Überhaupt versteht er sich eher als Mut- denn als Miesmacher: "Auf Dauer ist es langweilig, immer nur das schlechte Fernsehen zu kritisieren. Wichtig ist es, gutes Fernsehen zu loben. Dabei ist es egal, wer es macht und wie viele zugucken." Ausdrücklich nennt er die aufwändigen Fernsehspielproduktionen von Sat 1 wie "Wambo" und "Vera Brühne". In Zukunft werde es außerdem "ganz sicher" neben den Vollprogrammen anspruchsvolle Kanäle wie einen History oder Documentary Channel geben. "Aber es wird sich auch ein richtiges Ramschfernsehen entwickeln - TM 3 ist auf dem besten Weg dazu." Als Anlass zum Ärgern dient das Fernsehen Gäbler aber in anderer Hinsicht: Zwar gebe es auch "am Kiosk und in der Gutenberg-Galaxis viel Schrott. Aber dass so viele kluge Leute ihr Talent nicht ausschöpfen und Sendungen weit unter ihrem eigenen Niveau produzieren, wie diese vielen Boulevardmagazine, das ist etwas Fernsehspezifisches."

Grundsätzlich sieht Gäbler "das große Problem, dass der deutsche Fernsehmarkt von Bertelsmann und Kirch monopolisiert wird. Auch die Produzentenszene ist stark von beiden abhängig. Da fehlt Bewegungsspielraum für Innovation und Mut und für junge Leute." Den öffentlich-rechtlichen Sendern rät er zu "einer schärferen Unterscheidbarkeit zu den Privaten". Dass das ZDF mit "Cash" ein schlechtes Quiz mache, "ist überflüssig, wenn RTL so ein gutes macht wie das mit Jauch.

Zwar müssen ARD und ZDF auch Sport und große Unterhaltung bieten, aber sie werden ja nicht in erster Linie deswegen durch Gebühren finanziert, um beim Preispoker um eine fertig produzierte Show von Endemol mit RTL oder Sat 1 konkurrieren zu können." Vielmehr sollten sie sich auf die eigentlichen Stärken besinnen.

In Zeiten, in denen Selbstkritik im Fernsehen nur noch als Lach-Vorlage auf dem Schnipsel-Niveau von Stefan Raab existiert, glaubt Gäbler fest an eine wichtige Aufgabe der Medienkritik: "Hinter den Fassaden der Fernsehbranche, die so groß und mächtig tut, verbirgt sich auch viel Unsicherheit. Sender wie RTL oder Sat 1 haben in gewissem Maße die Technik raus, um große Zahlen von Menschen vor dem Fernsehschirm zu versammeln. Trotzdem gibt es bei ihnen Zweifel: Sind das die richtigen Zuschauer? Wie kriegen wir andere? Wie machen wir Sendungen, die auch für unser Image gut sind? Die Branche braucht insgesamt eine Selbstverständigung, und da kann Grimme einen Beitrag leisten."

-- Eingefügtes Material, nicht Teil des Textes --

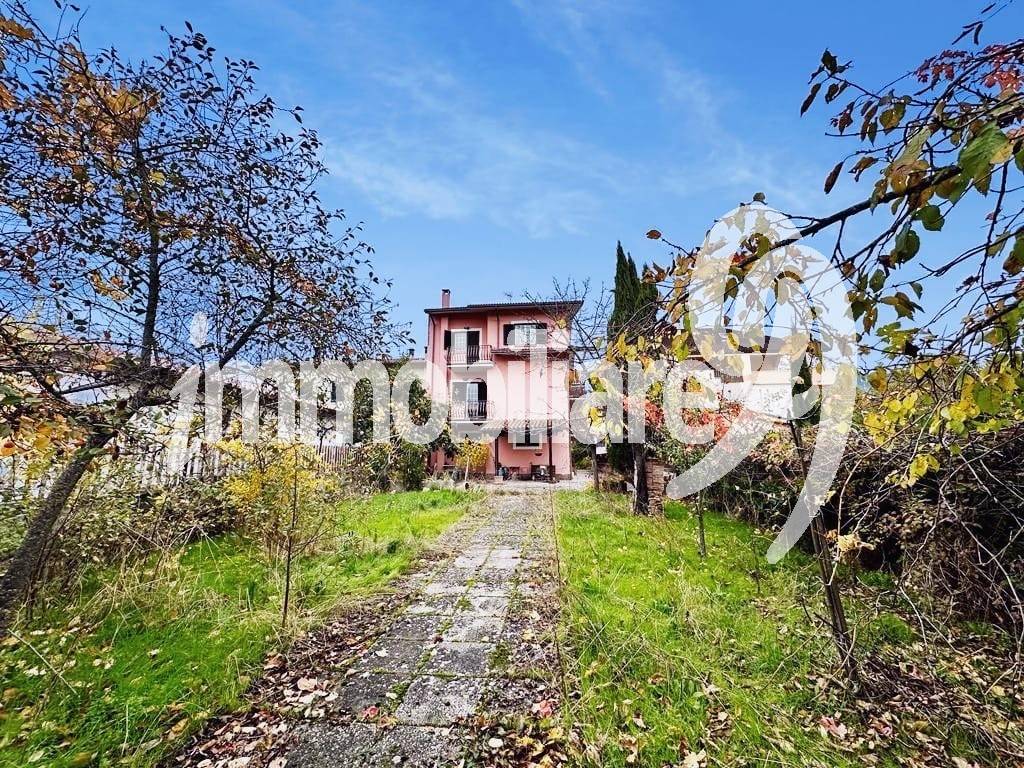 Casa cielo Terra in vendita a L'Aquila, Paganica - Tempera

Der wichtigste Beitrag bleibt zweifellos der Grimme-Preis, und verliehen wird er weiterhin in Marl: "Er soll nicht die Nr. 5 oder 6 in Köln oder Berlin sein, sondern die Nr. 1 am besonderen Ort." Schon um sich vom Glamour des neuen Konkurrenten zu unterscheiden. "Wir fühlen uns im Verhältnis zum Deutschen Fernsehpreis wie das Sundance Festival zum Oscar. Wir halten die besonderen Ansprüche, die besondere Machart hoch." Die Preise könnten "wunderbar nebeneinander existieren", meint Gäbler. Allerdings wünscht er sich für die zuletzt von Roger Willemsen moderierte Grimme-Preisverleihung nicht nur bessere Übertragungszeiten im Fernsehen: "Würdig war die Preisverleihung immer schon, sie darf aber auch ruhig würdig und witzig sein."